New approach to Old English

July 7, 2000

Old English is considered old hat in some universities. But the internet is helping to keep it alive. Tony Tysome reports

Oxford University caused a stir in English literature departments up and down the country earlier this year when it decided to dump compulsory Old English.

The subject, which was apparently too difficult and unpopular to continue forcing Oxford undergraduates to study, was defended with Beowulf-like determination by academics who felt it was Oxford's teaching method, rather than Old English itself, which was the problem.

Even the subject's champions admit learning the language can prove daunting, very time-consuming, and therefore potentially off-putting, for many students.

Julie Coleman, English language lecturer at Leicester University, explained: "In a normal literature seminar, the entire session is devoted to discussion of the content and context of a text. But in Old English seminars, we have to cover the basic grammar, history and theology before we can even move on to problems with translation and comprehension.

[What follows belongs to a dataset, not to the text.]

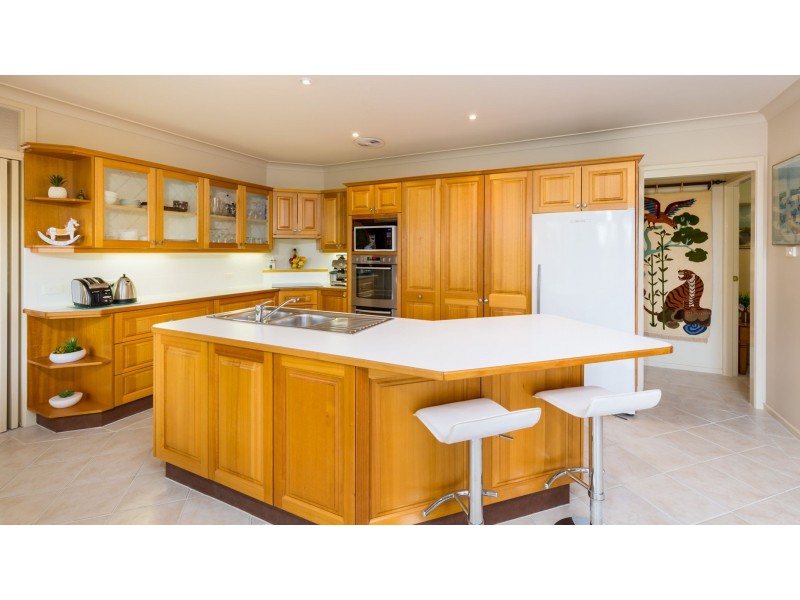 3 Plumridge Close, Warners Bay NSW 2282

"Discussions of the text as literature then tend to be lost. For example, where significant proportions of students are hazy about details of the crucifixion, the finer points of The Dream of the Rood are unlikely to make much of an impression. When reading the Life of Saint Edmund takes several weeks of gruelling translation, his eventual martyrdom may come as a blessed relief for all concerned. Even a text as action-packed as the early sections of Beowulf can lose its momentum in attempts to understand just who is ripping off whose arm!" To help overcome this problem and stimulate thought and discussion on issues raised by the ancient text, Dr Coleman and her colleagues decided to use the most modern of communication systems. They created a web-based "bulletin board" where students could participate in a virtual seminar whenever they wished throughout a semester.

Contributions to the discussions - set at a minumum 2,000 words per student over the period the bulletin board was open - replaced a non-assessed essay for the course. Dr Coleman says the experiment brought exciting results. Students were engaging in heated arguments about their interpretations of Old English texts; by the end of one semester there were more than 500 messages on the board; during term-time, ten to 12 students were logging on each day to read what other people had said and to make their own contributions; and students who were quiet in traditional seminars demonstrated and shared "astonishing" insights.

Dr Coleman said: "The intention was to say to the students: this is your non-assessed work - whatever feedback you get from it will come from each other. It's your chance to talk without us interfering."

Any tutor intervention in the forum tended to cause discussions to dry up, so lecturers used pseudonyms when they wanted to join in to correct misinformed arguments and help give direction to debate.

"This meant I could be controversial without students accepting my contributions as authoritative - although I could still be authoritative when I wanted," Dr Coleman said.

The bulletin board turned out to be a powerful teaching and learning tool for a number of reasons. The discussions helped students to engage with the texts critically. Since they were wordprocessing, they had to compose their thoughts.

But the "virtual" nature of the exercise encouraged them to express controversial opinions. They could disagree with one another and admit difficulties without losing face.

"In a traditional seminar, students may be reluctant to say they haven't a clue what is going on - but they were prepared to admit that on the bulletin board," Dr Coleman said.

Since the discussions did not have to take place in "real time", students could contribute when they were ready to do so, after reflection, rather than having to be on the ball during a seminar.

Dr Coleman said: "What is clear is that students modified their own opinions in the light of other students' messages. They also disagreed with their own previous postings after reflecting on what they had learned from lectures, seminars and reading. In other words, they were actively learning from their timetabled sessions and library work, instead of passively absorbing information."

One student, Manju Rani, said: "I felt it was giving me a better understanding of Old English: it was challenging in different ways. It meant you could be spontaneous or you could take some time to think.

"I felt more confident because I had heard other people's points of view and I could have an open mind rather than answering in a conservative way."

Ross Bird, another student, said: "I found it got me thinking more. Just through the normal day, you might read something on the board and you do not reply straight away, or maybe just write a hundred words. You go away and maybe you hear something in a seminar or lecture which sparks off a few other ideas. Then you can go back and alter your arguments and add to them. It's not the same as either an essay or seminar."

The fact that the board was web-based apparently caused few problems for students, who said they tended to juggle their work and other commitments if necessary to ensure they had access to a computer terminal by avoiding busy times.

However, the approach did increase workloads significantly for both students and staff, leading to some adjustments for next year.

Dr Coleman said: "At first, I found I was reading every message posted - and there were hundreds of them. We thought of getting them to print out their contributions and hand them in, but they didn't make sense out of context.

"The students also felt they had an awful lot to read. So for next year I am going to break them down into smaller discussion groups so that it's easier to handle."